Christine Gilbert, the head of Ofsted, said it was unacceptable that 20 per cent of pupils still failed to master basic English and maths when they left primary school, while 10 per cent of 16 to 18-year-olds who dropped out of education were not in work.
The link between these two groups of underperformers was very strong and was showing no sign of weakening, she said. “We are not seeing enough movement there. The gap between the ‘haves’ and the ‘have-nots’ is not reducing quickly enough,” Ms Gilbert said.
“We think standards have stalled and we think we need to accelerate improvement, and we are looking at ways of doing that.”
Ms Gilbert’s comments appear to contradict claims by ministers of “unprecedented improvements” and a continual and “unarguable evidence of rising achievement” in school standards.
They come after research from the Conservatives suggesting that the school system is dividing children along social and economic lines. Fewer than a third of children in the most deprived 10 per cent of households in England gain at least five GCSEs, including English and maths, at grades A* to C. In those areas that make up the richest 10 per cent, more than half do.
Ms Gilbert, outlining radical reforms to England’s school inspections, said that they would be more tailored to the performance of individual schools, with greater focus on underperforming schools. Rather than study overall or average school performance, inspectors would focus more on the progress made by different groups of children, including the weakest and the most vulnerable as well as the brightest.
Under the reforms, failing schools will be monitored two or three times a year. Schools judged as “satisfactory” will be inspected every three years, unless they are struggling to improve, in which case they will receive inspections every 12 to 18 months.
The best schools will be subjected to a “light touch” inspection every six years, with a short monitoring “health check” after three years.
Ms Gilbert said that GCSEs and national curriculum tests results may play a greater part in inspectors’ judgments in future. Inspectors will also take more account of the views of parents in deciding when a school needs to be inspected, through conducting regular surveys.
Pupils will also be surveyed regularly.
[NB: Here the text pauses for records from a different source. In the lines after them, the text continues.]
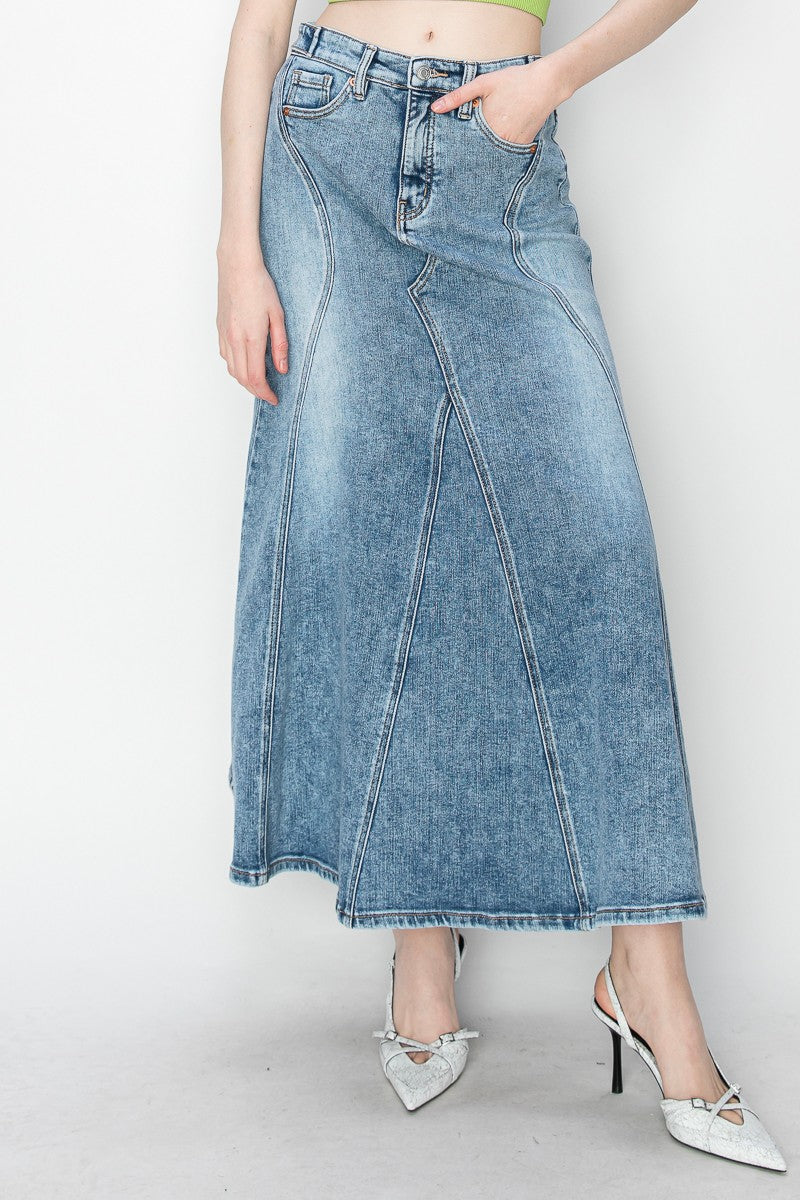 Kayla Denim Maxi Skirt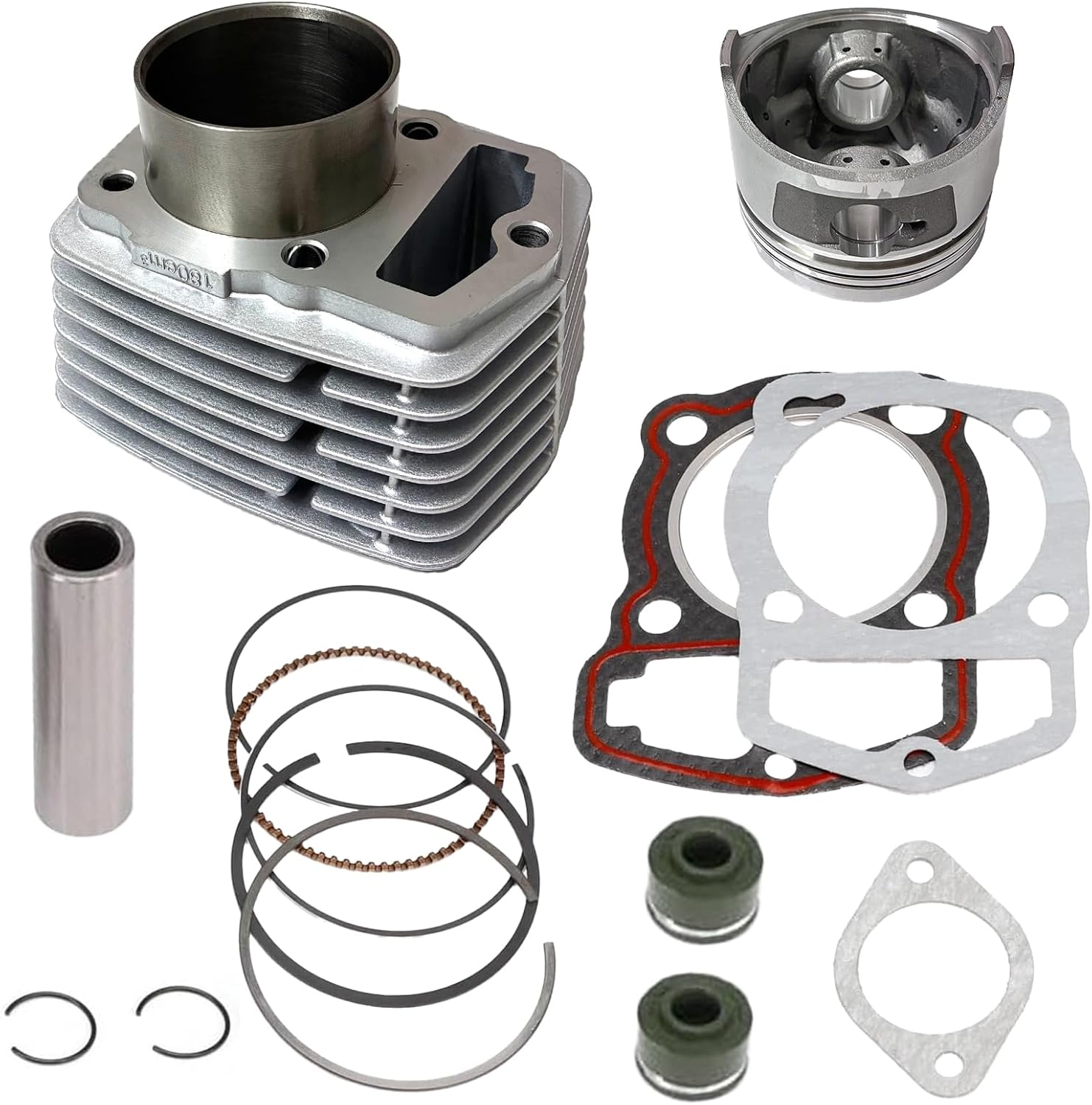 63mm Cylinder Piston Gaskets Top End Kit Compatible with Honda ATC185S ATC200S ATC200M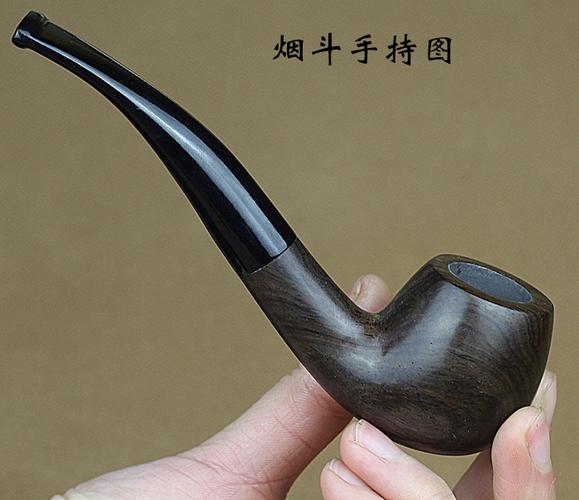 厂家大量供应黑檀木大块实木烟斗手工烟斗可印log支持混批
In addition to being asked how happy, healthy and safe they feel, they may be asked how bored they are at school, Ms Gilbert said.
A consultation on how Ofsted will fulfil a new government requirement to measure child wellbeing will begin over the summer.
Ms Gilbert said that the inspectorate would trial “lightning” inspections, in which teachers would receive no warning before a visit, so that Ofsted could “see the school as it really is”. Schools currently receive two days’ warning of an Ofsted inspection.
Inspectors are likely to spend more time observing lessons, but no inspection will last longer than two days.
Teachers criticised the proposals, which are open to consultation until August 11. Christine Blower, acting general secretary of the National Union of Teachers, said that the “punitive” inspection system would lead staff to resign. “I can see no virtue in nonotice inspections. Schools will feel that an inspection visit is the equivalent of Russian roulette, and inspectors could visit when half the school is on a school trip,” she said.
Nansi Ellis, of the Association of Teachers and Lecturers, questioned the idea of enabling parents to trigger an inspection. “We would like parents to take any concerns about a school to the school itself in the first instance, with the confidence the school will sort out any problems,” she said.